*** Opening DATA ***
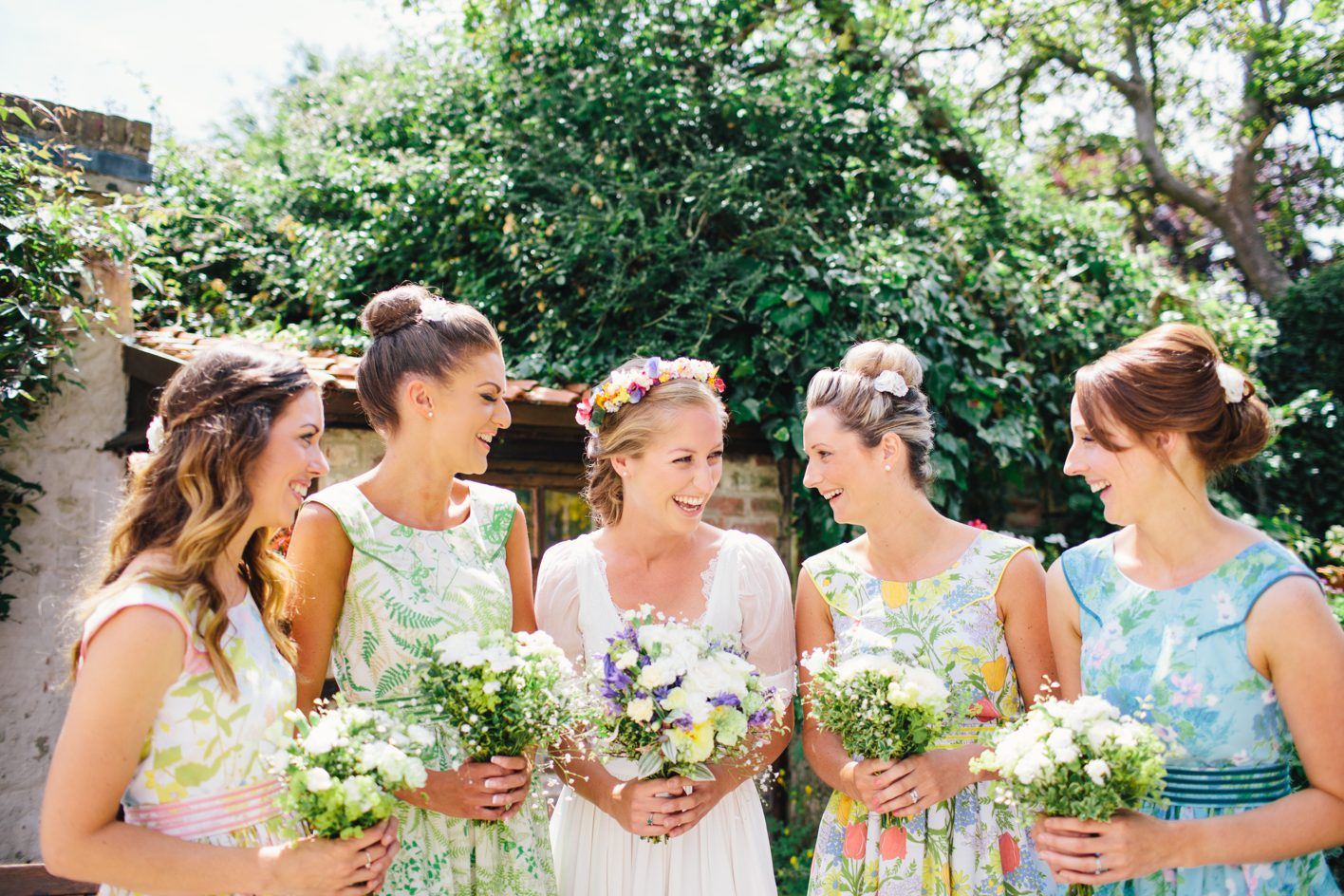 Bridebook.co.uk- bride and bridesmaids holding bouquets and smiling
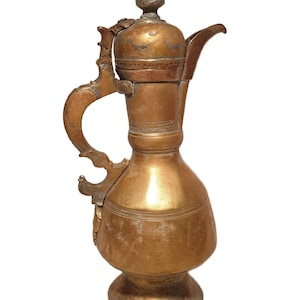 May include: A vintage copper pitcher with a decorative handle and spout. The pitcher has a bulbous body and a lid with a small finial. The copper has a warm, aged patina, suggesting it is an antique or vintage item.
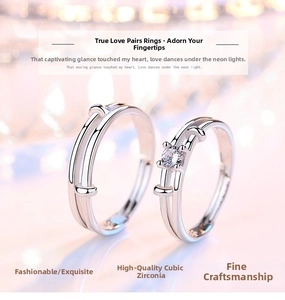Detail of silver couple rings with cubic zirconia stone and romantic light background
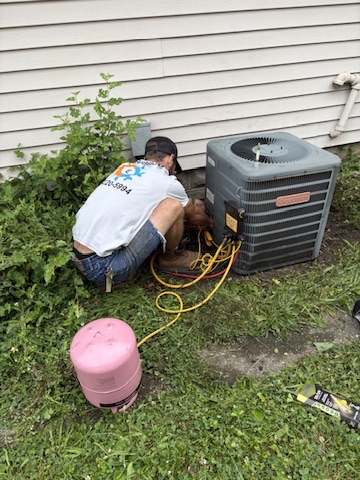 A technician servicing an air conditioner's refrigerant with gauges at a Niles, MI area home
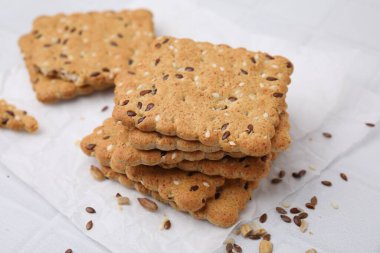 Keten ve susam tohumlu mısır gevreği yığını beyaz döşemeli masa, yakın plan.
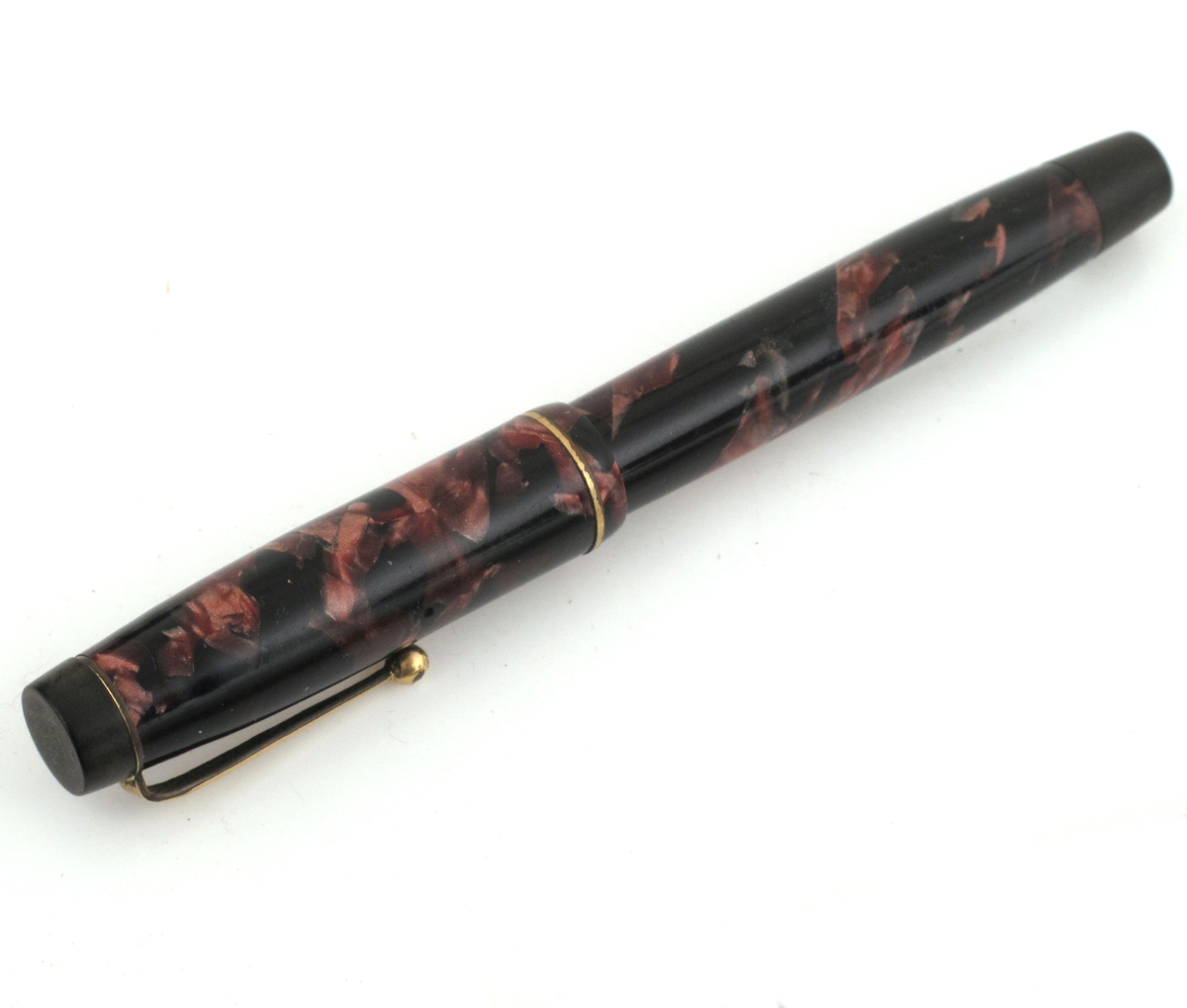 Fyllepenn, sort med mønster i rosavalører.
Pennen inneholder en beholder og blekk suges opp i beholderen fra et blekkhus.
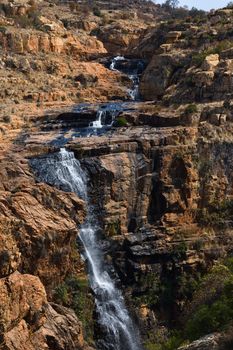 A rocky cascading river with high freshwater waterfall, Rustenburg, South Africa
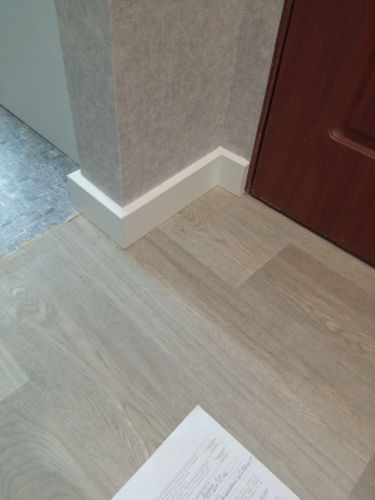 Установлен современный плинтус, аккуратно прилегающий к стене и полу. Завершенный монтаж обеспечивает эстетичный вид и скрывает стыки, создавая плавный переход между поверхностями.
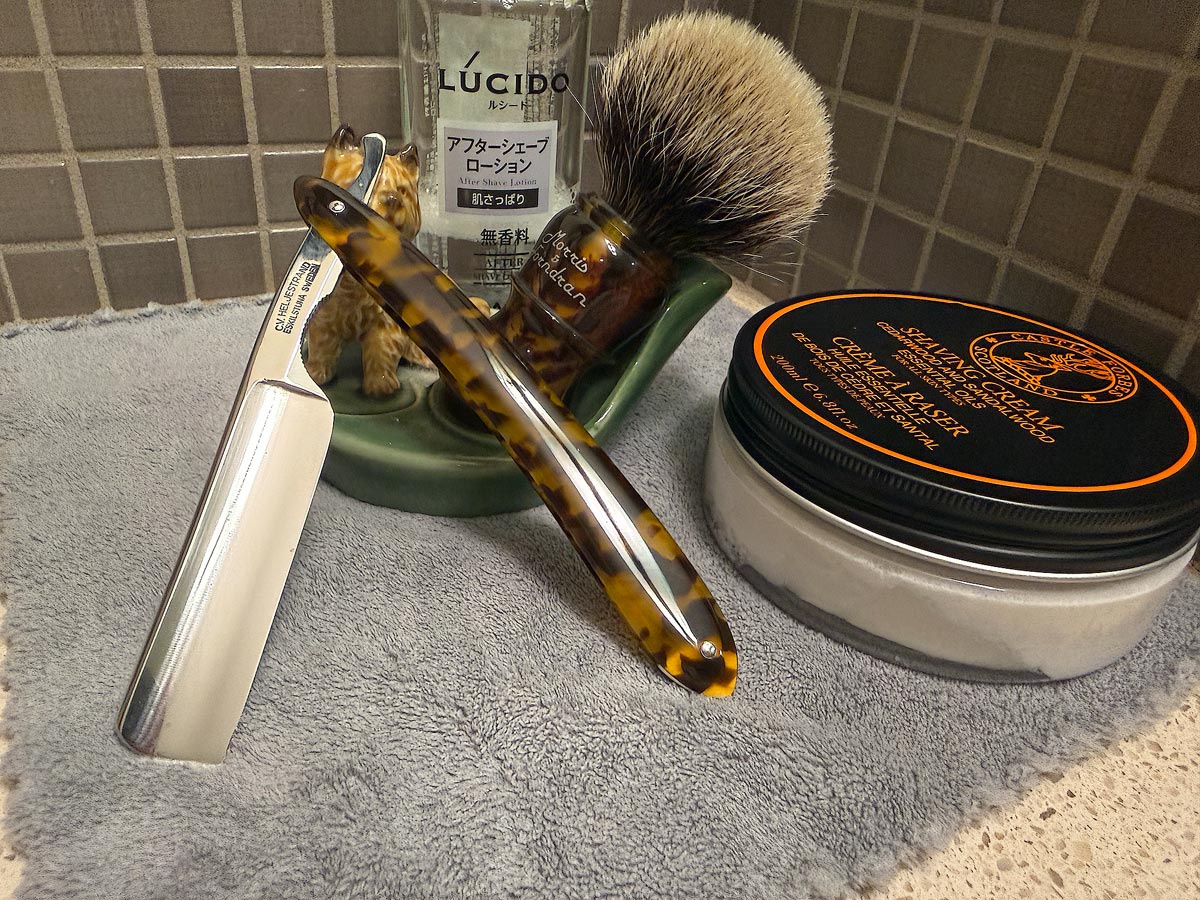 On a gray microfiber towel a straight razor with blade open about 45 degrees leans next to a bottle of aftershave and a jar of shave soap. A shave brush rests bristles-up in a green Wade ceramic pipe rest that features a brown Cairn Terrier.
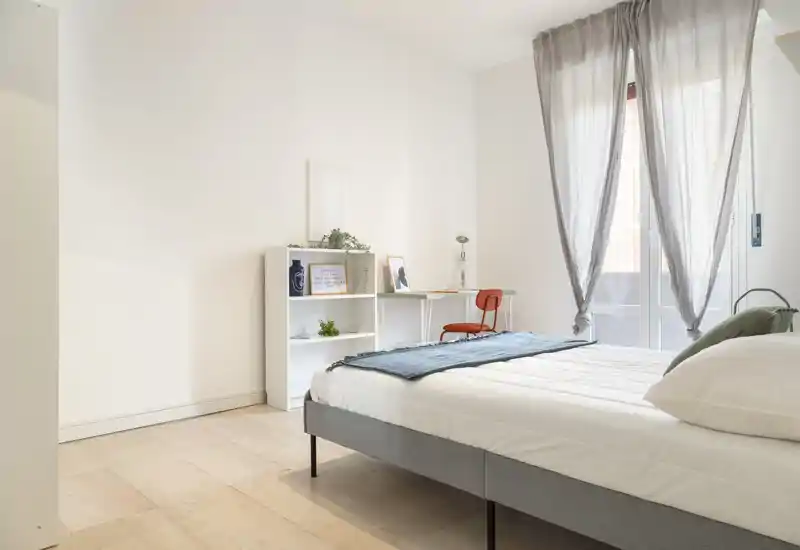 Dormitorio moderno y luminoso con cama doble bien hecha, textiles suaves y un pequeño escritorio junto a una gran ventana que aporta mucha luz natural.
*** Closing DATA ***
**EXERCISE REQUIREMENTS**: When you reach the line containing "Keten ve susam" in the entries above, begin restating word for word, and stop once the line containing "A rocky cascading" has been given. Omit the pictures.

**ANSWER TO THIS EXERCISE**:
 Keten ve susam tohumlu mısır gevreği yığını beyaz döşemeli masa, yakın plan.
 Fyllepenn, sort med mønster i rosavalører.
Pennen inneholder en beholder og blekk suges opp i beholderen fra et blekkhus.
 A rocky cascading river with high freshwater waterfall, Rustenburg, South Africa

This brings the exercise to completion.